The airplane seat with headphones installed in the headrest
Hamburg, Germany (CNN) — As wireless headphones become more ubiquitous, standard airline headphones with their tangled cables and multi-pin jacks seem increasingly obsolete.
Sure, you can now connect personal headphones to some airplane inflight entertainment systems, but will your batteries last the duration of a long-haul flight, and are you willing to risk losing your beloved headphone in the seat mechanism, never to be seen again?
Enter Euphony, a new aircraft seat concept from French aircraft interior designer Safran Seats, made in collaboration with audio technology company Devialet.

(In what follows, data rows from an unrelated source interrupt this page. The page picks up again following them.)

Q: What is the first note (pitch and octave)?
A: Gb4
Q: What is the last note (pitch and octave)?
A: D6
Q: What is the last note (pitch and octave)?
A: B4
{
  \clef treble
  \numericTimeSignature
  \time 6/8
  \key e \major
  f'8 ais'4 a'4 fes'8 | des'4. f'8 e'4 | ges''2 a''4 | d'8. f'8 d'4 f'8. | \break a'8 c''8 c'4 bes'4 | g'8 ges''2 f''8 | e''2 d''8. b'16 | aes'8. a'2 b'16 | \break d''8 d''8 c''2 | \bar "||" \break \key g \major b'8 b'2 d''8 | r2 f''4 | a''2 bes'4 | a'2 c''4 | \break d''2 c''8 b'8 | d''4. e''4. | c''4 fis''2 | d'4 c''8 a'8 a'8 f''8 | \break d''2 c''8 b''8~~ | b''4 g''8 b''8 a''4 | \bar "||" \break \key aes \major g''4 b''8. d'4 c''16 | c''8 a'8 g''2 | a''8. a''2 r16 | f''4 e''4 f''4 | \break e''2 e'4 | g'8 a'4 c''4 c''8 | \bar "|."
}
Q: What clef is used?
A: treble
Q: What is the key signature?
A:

Euphony eliminates the need for a personal headset. Instead, speakers are installed in the headrests of each individual seat, with sound levels perfected so that passengers can enjoy their choice of in-flight entertainment without being heard or disturbed by their neighbor.

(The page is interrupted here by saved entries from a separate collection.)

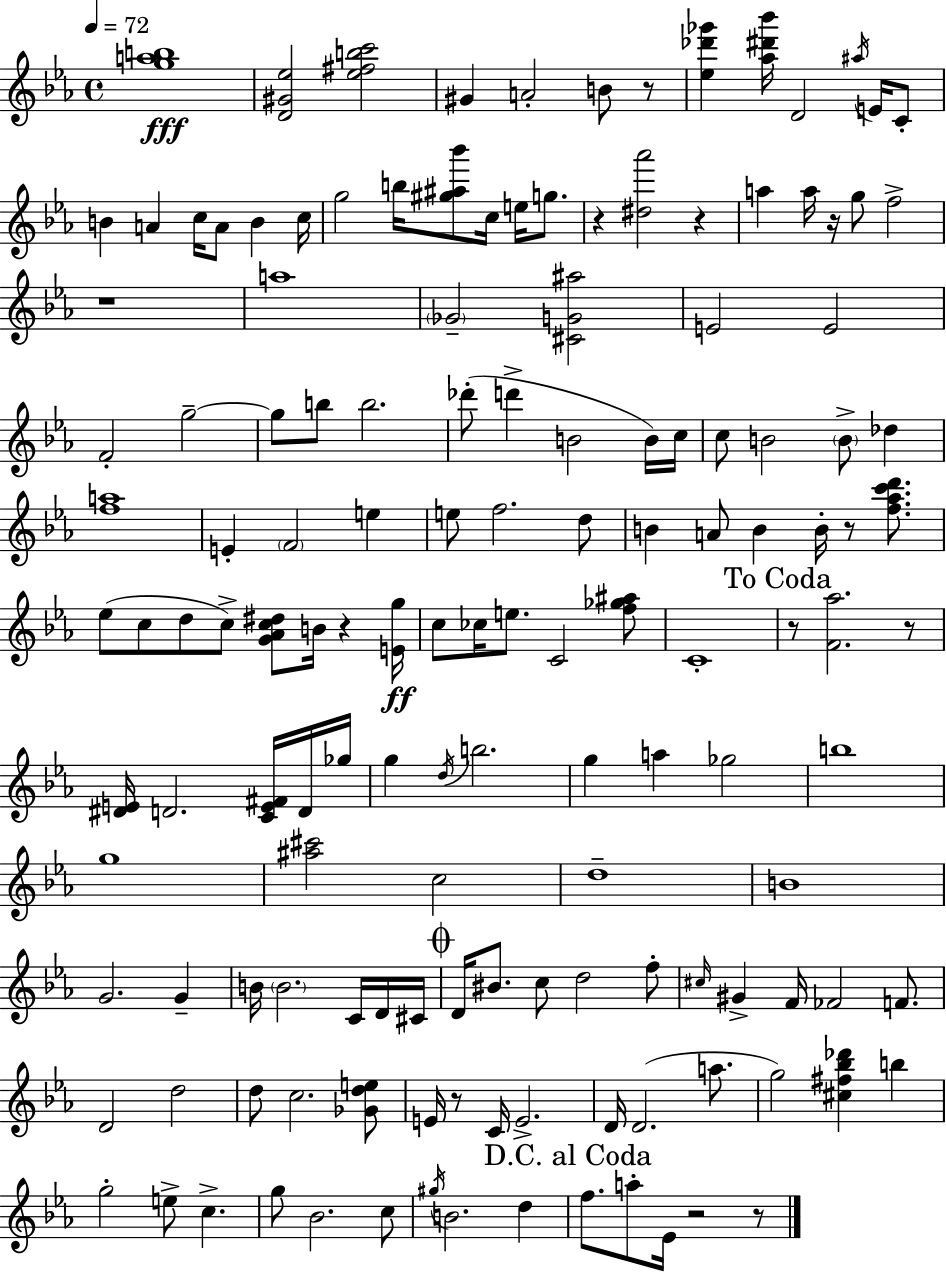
{
  \clef treble
  \time 4/4
  \defaultTimeSignature
  \key ees \major
  \tempo 4 = 72
  <g'' a'' b''>1\fff | <d' gis' ees''>2 <ees'' fis'' b'' c'''>2 | gis'4 a'2-. b'8 r8 | <ees'' des''' ges'''>4 <aes'' dis''' bes'''>16 d'2 \acciaccatura { ais''16 } e'16 c'8-. | \break b'4 a'4 c''16 a'8 b'4 | c''16 g''2 b''16 <gis'' ais'' bes'''>8 c''16 e''16 g''8. | r4 <dis'' aes'''>2 r4 | a''4 a''16 r16 g''8 f''2-> | \break r1 | a''1 | \parenthesize ges'2-- <cis' g' ais''>2 | e'2 e'2 | \break f'2-. g''2--~~ | g''8 b''8 b''2. | des'''8-.( d'''4-> b'2 b'16) | c''16 c''8 b'2 \parenthesize b'8-> des''4 | \break <f'' a''>1 | e'4-. \parenthesize f'2 e''4 | e''8 f''2. d''8 | b'4 a'8 b'4 b'16-. r8 <f'' aes'' c''' d'''>8. | \break ees''8( c''8 d''8 c''8->) <g' aes' c'' dis''>8 b'16 r4 | <e' g''>16\ff c''8 ces''16 e''8. c'2 <f'' ges'' ais''>8 | c'1-. | \mark "To Coda" r8 <f' aes''>2. r8 | \break <dis' e'>16 d'2. <c' e' fis'>16 d'16 | ges''16 g''4 \acciaccatura { d''16 } b''2. | g''4 a''4 ges''2 | b''1 | \break g''1 | <ais'' cis'''>2 c''2 | d''1-- | b'1 | \break g'2. g'4-- | b'16 \parenthesize b'2. c'16 | d'16 cis'16 \mark \markup { \musicglyph "scripts.coda" } d'16 bis'8. c''8 d''2 | f''8-. \grace { cis''16 } gis'4-> f'16 fes'2 | \break f'8. d'2 d''2 | d''8 c''2. | <ges' d'' e''>8 e'16 r8 c'16 e'2.-> | d'16 d'2.( | \break a''8. g''2) <cis'' fis'' bes'' des'''>4 b''4 | g''2-. e''8-> c''4.-> | g''8 bes'2. | c''8 \acciaccatura { gis''16 } b'2. | \break d''4 \mark "D.C. al Coda" f''8. a''8-. ees'16 r2 | r8 \bar "|."
}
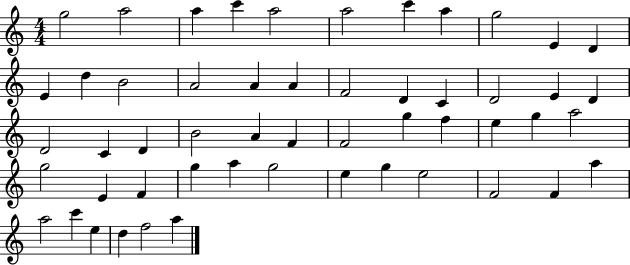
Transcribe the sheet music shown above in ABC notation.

X:1
T:Untitled
M:4/4
L:1/4
K:C
g2 a2 a c' a2 a2 c' a g2 E D E d B2 A2 A A F2 D C D2 E D D2 C D B2 A F F2 g f e g a2 g2 E F g a g2 e g e2 F2 F a a2 c' e d f2 a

Euphony is designed for a Business Class or First Class cabin.
At first glance, the AIX prototype looks like a regular business class airplane seat. Safran only made minor cosmetic adjustments to the headrest design.
But the difference is obvious as soon as the in-flight entertainment is activated. The sound begins to come out of the headrest, humming to the pre-recorded sounds of the plane’s engine that are already echoing through the experience room.

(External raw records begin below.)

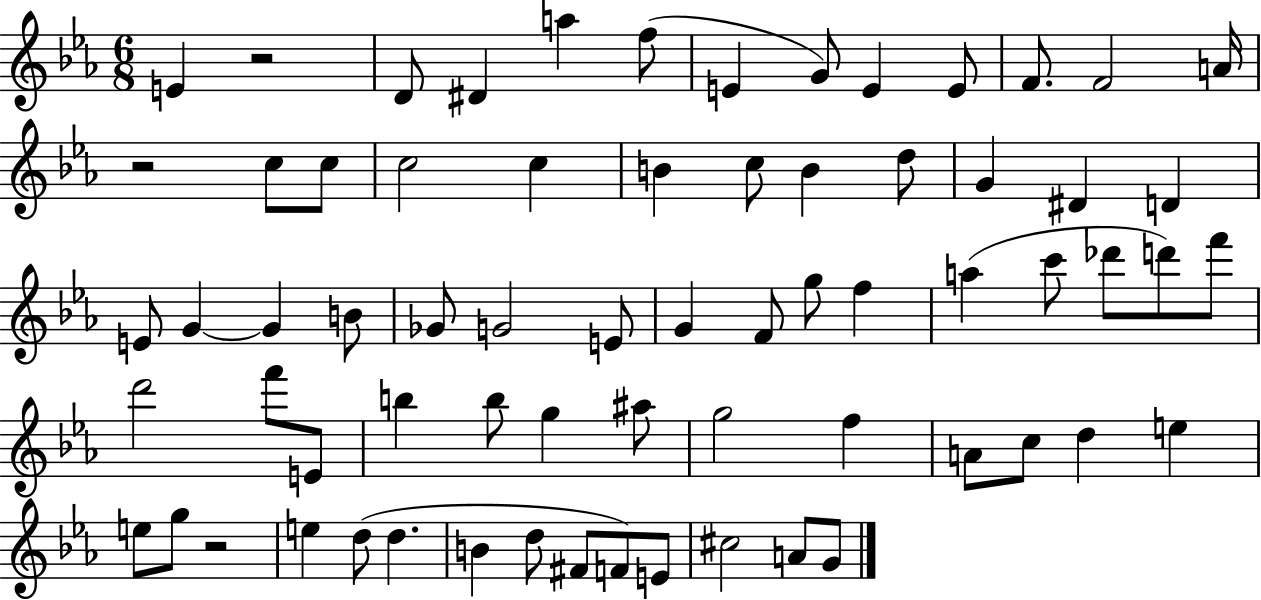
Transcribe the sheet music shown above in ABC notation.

X:1
T:Untitled
M:6/8
L:1/4
K:Eb
E z2 D/2 ^D a f/2 E G/2 E E/2 F/2 F2 A/4 z2 c/2 c/2 c2 c B c/2 B d/2 G ^D D E/2 G G B/2 _G/2 G2 E/2 G F/2 g/2 f a c'/2 _d'/2 d'/2 f'/2 d'2 f'/2 E/2 b b/2 g ^a/2 g2 f A/2 c/2 d e e/2 g/2 z2 e d/2 d B d/2 ^F/2 F/2 E/2 ^c2 A/2 G/2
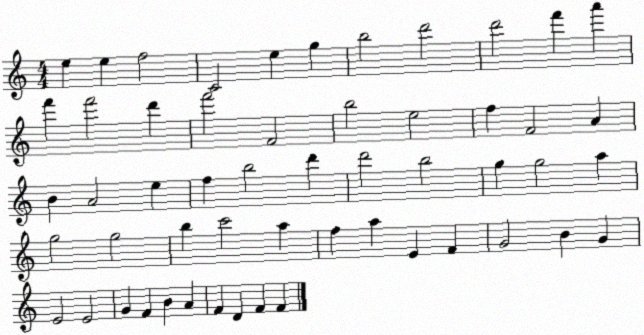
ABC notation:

X:1
T:Untitled
M:4/4
L:1/4
K:C
e e f2 C2 e g b2 d'2 d'2 f' a' f' f'2 d' f'2 F2 b2 e2 f F2 A B A2 e f b2 d' d'2 b2 g g2 a g2 g2 b c'2 a f a E F G2 B G E2 E2 G F B A F D F F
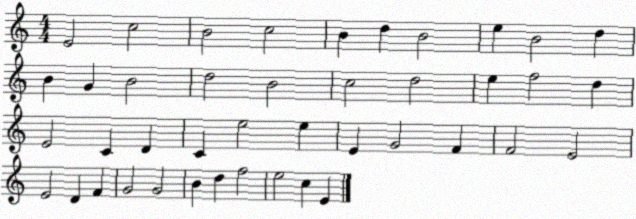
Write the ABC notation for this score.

X:1
T:Untitled
M:4/4
L:1/4
K:C
E2 c2 B2 c2 B d B2 e B2 d B G B2 d2 B2 c2 d2 e f2 d E2 C D C e2 e E G2 F F2 E2 E2 D F G2 G2 B d f2 e2 c E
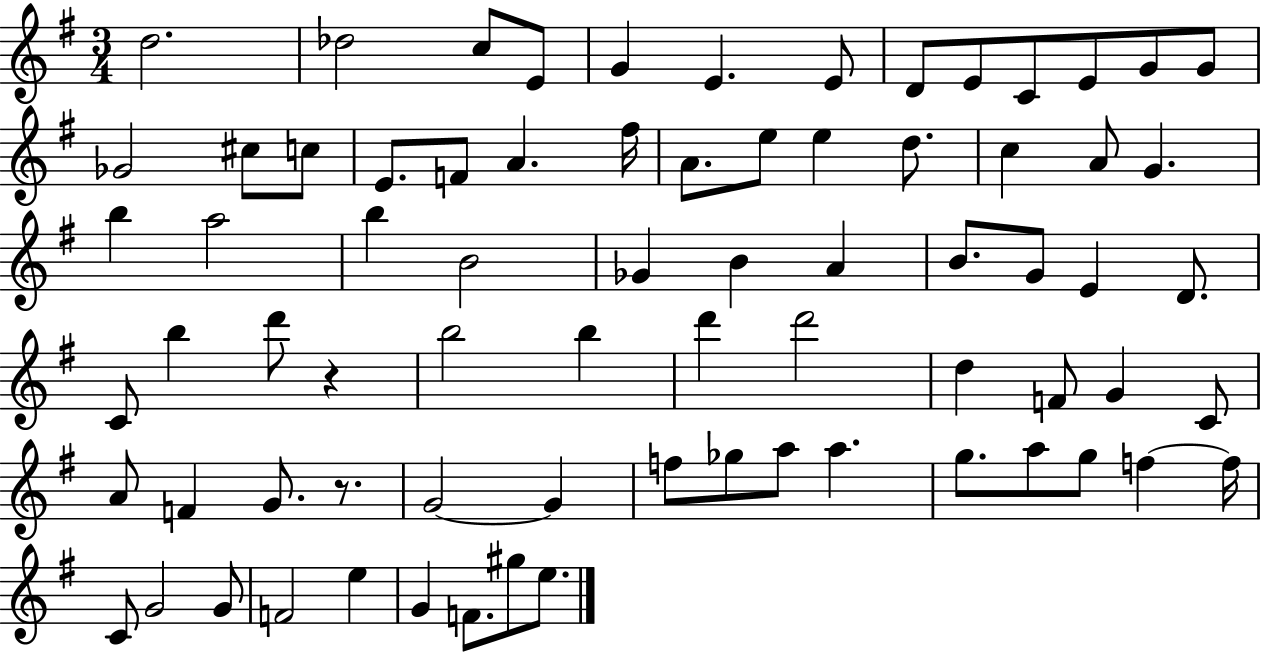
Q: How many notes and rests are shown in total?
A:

The screen plays the booming trailer for the recent Marvel movie “Doctor Strange in the Multiverse of Madness.” Atmospheric music echoes through the headrest, before the system switches to a few different audio experiences, including a podcast, for comparison.
It takes me a little while to place the headrest in the perfect spot – for maximum sound quality you want it to be as close to your ears as possible.
But once it’s in the right setting, the personal speakers seem to work fine. The roar of the simulated aircraft engine largely becomes background noise and my attention is focused on what I see and hear.
Euphony doesn’t replace the cocoon experience of noise-canceling headphones, but it’s a comfortable setup and more like the experience of watching a movie on your couch. This would be perfect if you were flying with someone else and wanted to chat and interact while watching a movie in tandem.
In the AIX experiment room, it’s hard to judge if there really isn’t any sound leaking – there’s only one Euphony breadboard in place. But the fact that you can’t hear sound properly unless you have the headrest next to your ear suggests it should be relatively airtight, at least in business class or first class, where passengers are more spaced out.
Travelers looking for total noise cancellation or privacy may still want to use their own personal headset, but Safran principal architect Paul Wills and his team say the idea behind Euphony is to offer travelers more options. Travelers can also connect personal devices to the system via Bluetooth, and the headrest speakers work when the seat is fully reclined and upright.
In-flight announcements would not play through the headrest, as they would also play in the wider cabin, and Wills’ team wants to avoid a “funny hodgepodge of sounds”.
Instead, any announcement from the captain or cabin crew would simply shut down in-flight entertainment, as is already the norm on flights.
Complex design process
Safran has teamed up with audio experts Devialet to perfect the sound design.
Euphony has been in development for a few years now, and Wills and his team say perfecting the concept took trial and error and teamwork.
When Safran first tried putting speakers in the headrest, before Devialet came on the scene, Wills said the sound quality was “awful”.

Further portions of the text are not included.